Escherichia coli is the most common uropathogen, accounting for ~80% of uncomplicated UTIs.

Microbial Villains & Vulnerabilities - Pathogen Parade

  • Bacterial Culprits:
    • Escherichia coli (UPEC): Dominant cause (~80%); P fimbriae (pyelonephritis), Type 1 fimbriae (cystitis).
    • Staphylococcus saprophyticus: Young, sexually active females.
    • Klebsiella pneumoniae: Often nosocomial, common in diabetics.
    • Proteus mirabilis: Urease producer; associated with struvite stones, alkaline urine.
    • Enterococcus faecalis: Nosocomial, elderly, post-instrumentation.
    • Pseudomonas aeruginosa: Catheter-associated, resistant strains.
  • Fungal:
    • Candida albicans: Catheters, immunocompromised, post-antibiotics.
  • Key Vulnerabilities:
    • Female sex, sexual intercourse.
    • Urinary stasis: Obstruction (BPH, calculi), neurogenic bladder.
    • Catheterization (foreign body).
    • Systemic factors: Diabetes Mellitus, pregnancy, immunosuppression.
    • Anatomical: Vesicoureteral reflux (VUR).

Proteus mirabilis infection characteristically produces urease, leading to alkaline urine (pH > 7.0) and promoting struvite (magnesium ammonium phosphate) stone formation.

Infection's Invasion & Host Defense - Battle for Bladder

  • Invasion Pathway:
    • Uropathogens (e.g., UPEC) ascend urethra.
    • Adherence to urothelium: P-fimbriae (Type 1 pili) bind mannose receptors; S-fimbriae.
    • Biofilm formation; intracellular bacterial communities (IBCs) possible.
  • Host Defense Arsenal:
    • Mechanical: Flushing action of urine, complete bladder emptying.
    • Mucosal Barriers:
      • Glycosaminoglycan (GAG) layer: anti-adherent.
      • Tamm-Horsfall protein (Uromodulin): binds bacteria, prevents attachment.
      • Secretory IgA.
    • Inflammatory Response: TLRs (e.g., TLR4 for LPS) → cytokine release (IL-6, IL-8) → neutrophil influx.
    • Epithelial cell exfoliation. Bacterial virulence factors in UTIs

⭐ Uropathogenic E. coli (UPEC) can form Intracellular Bacterial Communities (IBCs) within bladder urothelial cells, acting as quiescent reservoirs that contribute to recurrent UTIs and antibiotic resistance persistence.

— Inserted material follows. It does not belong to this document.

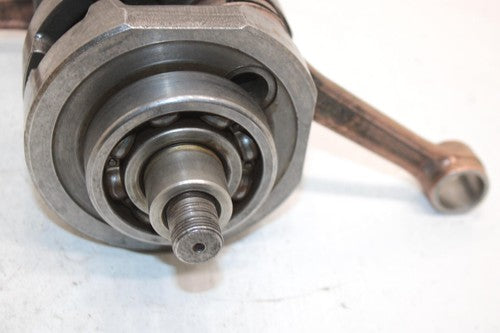 1990 Kawasaki 650 Ts Oem Crankshaft 13031-3707 JK10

Clinical Clues & Diagnostic Drill - Symptom Sleuthing

  • Symptom Spectrum:
    • Lower UTI (Cystitis): Dysuria, frequency, urgency, suprapubic pain, ±hematuria.
    • Upper UTI (Pyelonephritis): Fever, chills, flank pain/CVA tenderness, nausea/vomiting, ±cystitis symptoms.
    • Elderly/Catheterized: Often atypical (e.g., confusion, fever without localizing signs).
  • Diagnostic Approach:
  • Key Lab Findings:
    • Dipstick: Leukocyte esterase (LE) for pyuria; Nitrites for gram-negative bacteria (esp. Enterobacteriaceae).
    • Microscopy: WBCs >5-10/HPF; Bacteria; WBC casts (hallmark of pyelonephritis).
    • Culture (Gold Standard): ≥10^5 CFU/mL (mid-stream urine); ≥10^3 CFU/mL (symptomatic ♀); ≥10^2 CFU/mL (catheter).

⭐ WBC casts in urine sediment are pathognomonic for renal parenchymal inflammation, strongly suggesting pyelonephritis.

Complications & Chronic Concerns - Trouble Brewing

  • Acute Storm:
    • Pyelonephritis → perinephric/renal abscess, emphysematous pyelonephritis.
    • Urosepsis, septic shock.
    • Renal papillary necrosis (Key causes: DM, Analgesics, Sickle cell, Obstruction; 📌 POST CARD).
  • Long-term Fallout:
    • Chronic pyelonephritis: renal scarring, blunted calyces, thyroidization of tubules.
    • Xanthogranulomatous pyelonephritis (XGP): destructive inflammation, foamy macrophages, often Proteus & staghorn calculi.
    • ↑ Risk of CKD, hypertension.
    • Recurrent infections.
    • Pregnancy: ↑ pyelonephritis risk, preterm birth.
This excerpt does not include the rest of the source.